If EEPROM is reset but `count_saved` retains value N from before, the
next save operation starts writing from `bps[N]` instead of `bps[0]`.
This means:
1. **Wrong data is written to EEPROM** (skipping the first N entries)
2. **Potential out-of-bounds access** if bps array was reorganized

There are direct call sequences that trigger this: `reset_table` ->
`save_bad_pages` at lines 1783-1784 and 3837-3838.

### Step 2.4: Fix Quality
- Obviously correct: when all EEPROM records are cleared, the "saved
  count" must be 0
- Minimal: 3 lines, single variable assignment with NULL guard
- No regression risk: the NULL check prevents any potential NULL deref

---

## PHASE 3: GIT HISTORY INVESTIGATION

### Step 3.1: Blame
The reset function's body was built incrementally since v5.3 (2019) by
Andrey Grodzovsky, with additions by Luben Tuikov (2021), Stanley Yang
(2022), and Tao Zhou (2024). The `count_saved` field was introduced in
commit d45c5e6845a76 by Tao Zhou (2025-07-04), first appearing in v6.18.

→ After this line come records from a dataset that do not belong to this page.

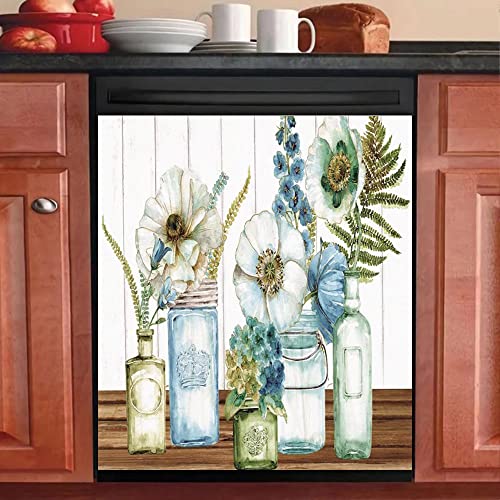 Kitchen Decorative Dishwasher Magnet Cover Oil Flower Decal For Refrigerator Vintage Wood Fridge Magnetic Sticker,Floral Dishwasher Door Cover Vinyl Panel For Home Appliance Decor 23"X26" #TOP1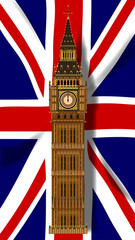 Fototapeta na wymiar Union Jack Flag with Big Ben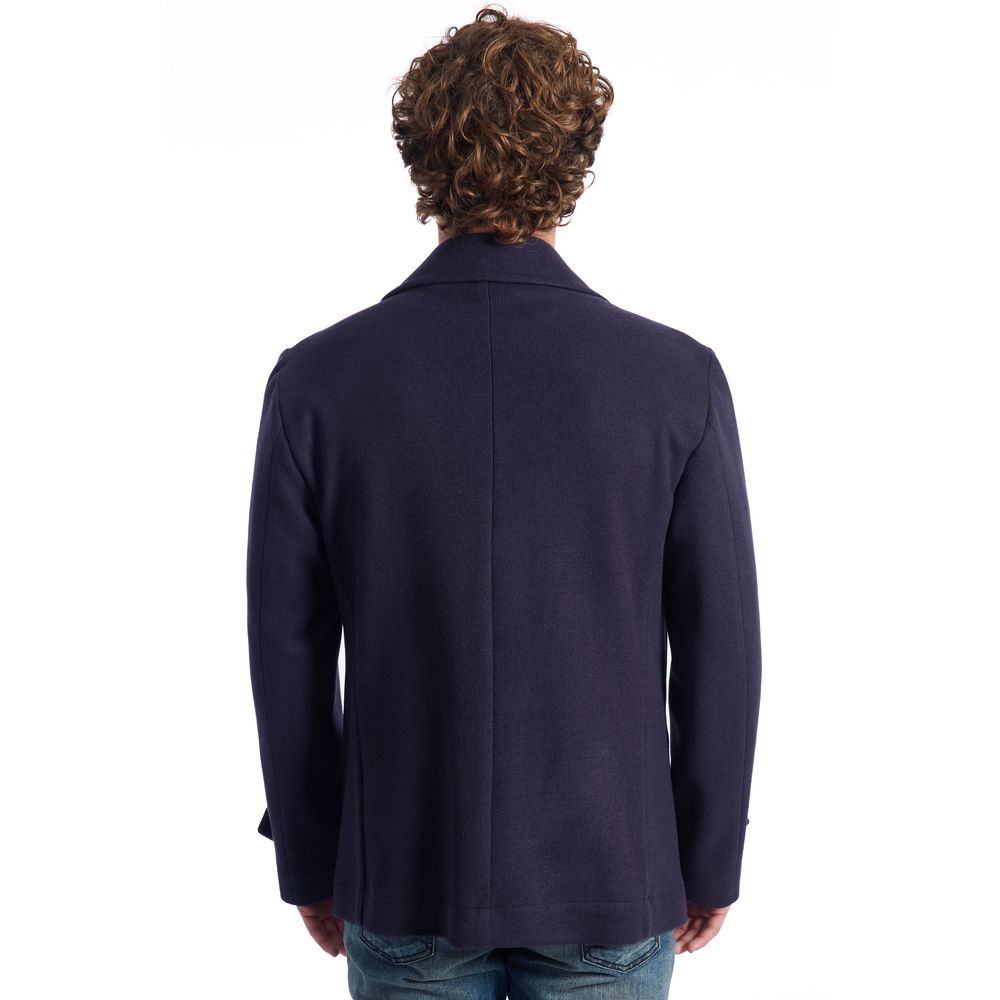 Roberto Pepe Luxury Blue Wool Men's Short Coat | Regal Royce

### Step 3.2: No Fixes: tag
No Fixes: tag present. The logical "fixes" target would be d45c5e6845a76
which introduced `count_saved` without clearing it in the reset path.

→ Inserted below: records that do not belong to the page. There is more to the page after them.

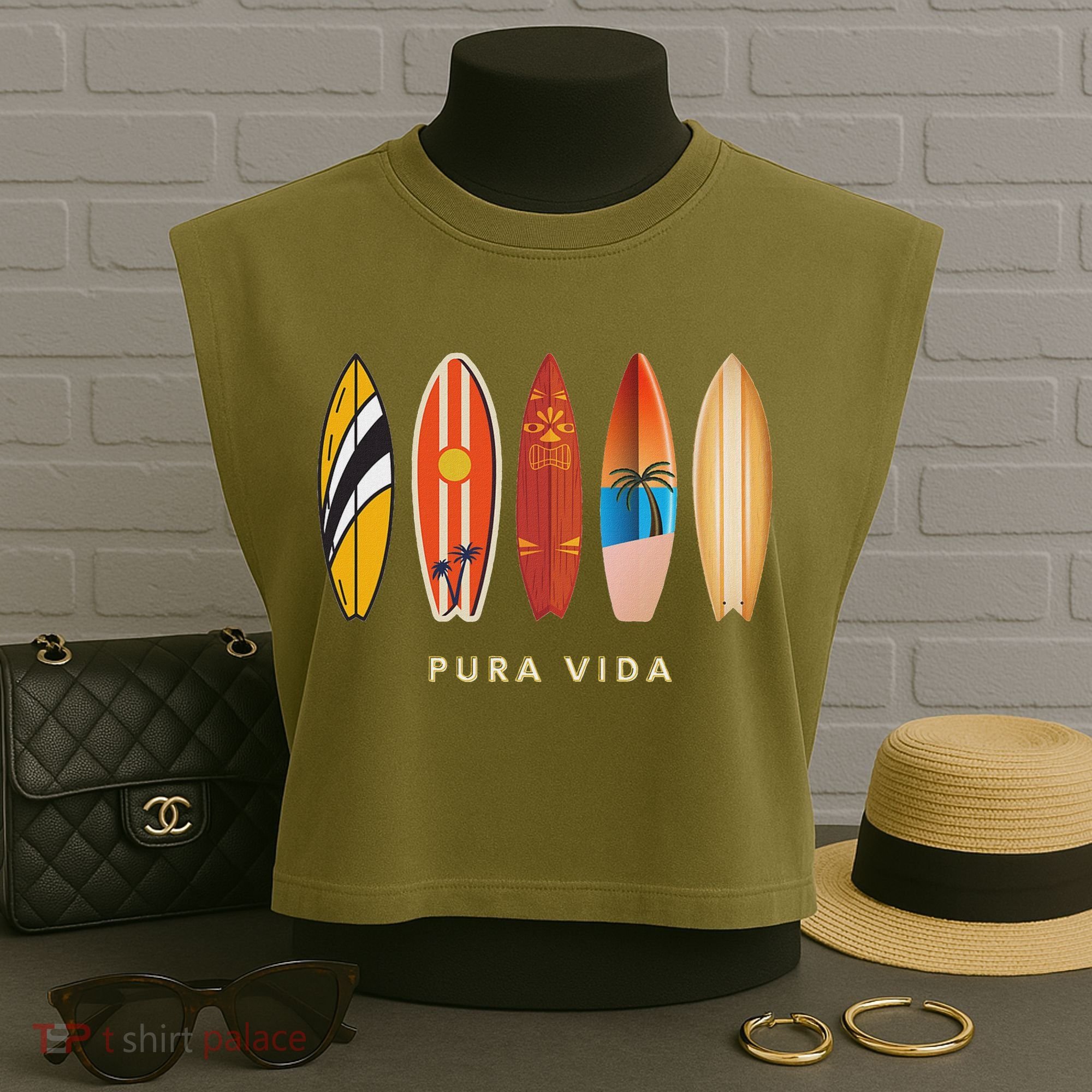 Pura Vida Surfboards Costa Rica Surfing Garment-Dyed Women's Muscle Tee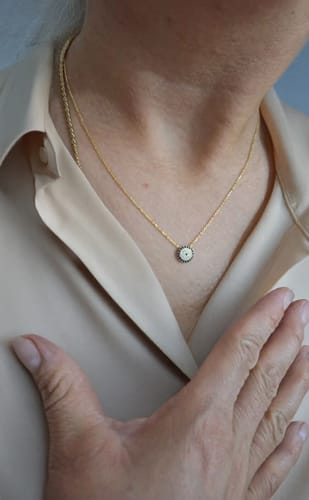 Customer photo review of Evil Eye Necklace Sterling Silver Protection Amulet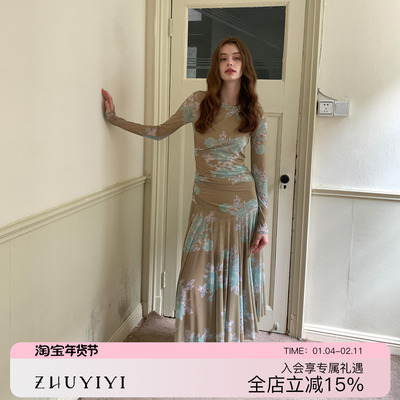 ZHUYIYI 秋冬新款绿色薄纱长袖秋季连衣裙女收腰显瘦设计感原创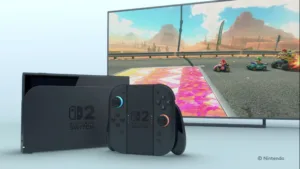 Una Nintendo Switch 2 vista dall'alto, la console che fa girare anche i giochi Switch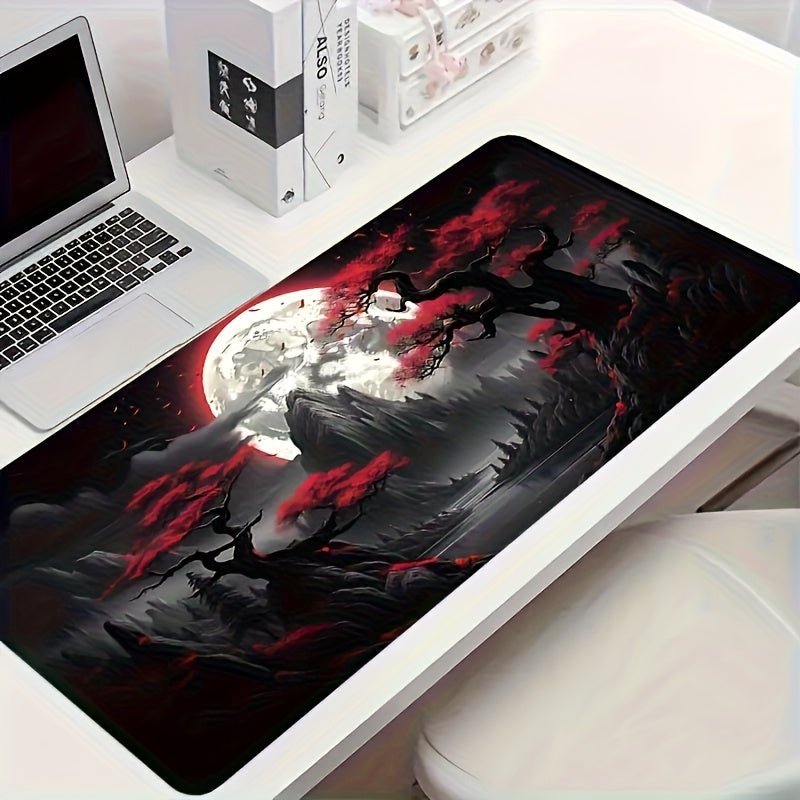 [Vibrant Gaming Mouse Pad] Large Vibrant Darkness Red Moon Gaming Mouse Pad | Rubber Base Computer Mat for E-Sports, Office & Gaming - Perfect Gift for Gamers, Teenagers, Boyfriends & Girlfriends, Gaming Desk Accessory | Durable Desk Mat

### Step 3.3: File History
The file is actively developed with 20+ recent commits. Patch 1/2 of
this series ("compatible with specific RAS old eeprom format") modifies
`amdgpu_ras.c` and is thematically related but functionally independent.

### Step 3.4: Author
Tao Zhou is a frequent AMD RAS contributor (10+ recent commits to RAS
code) and the same author who introduced `count_saved`.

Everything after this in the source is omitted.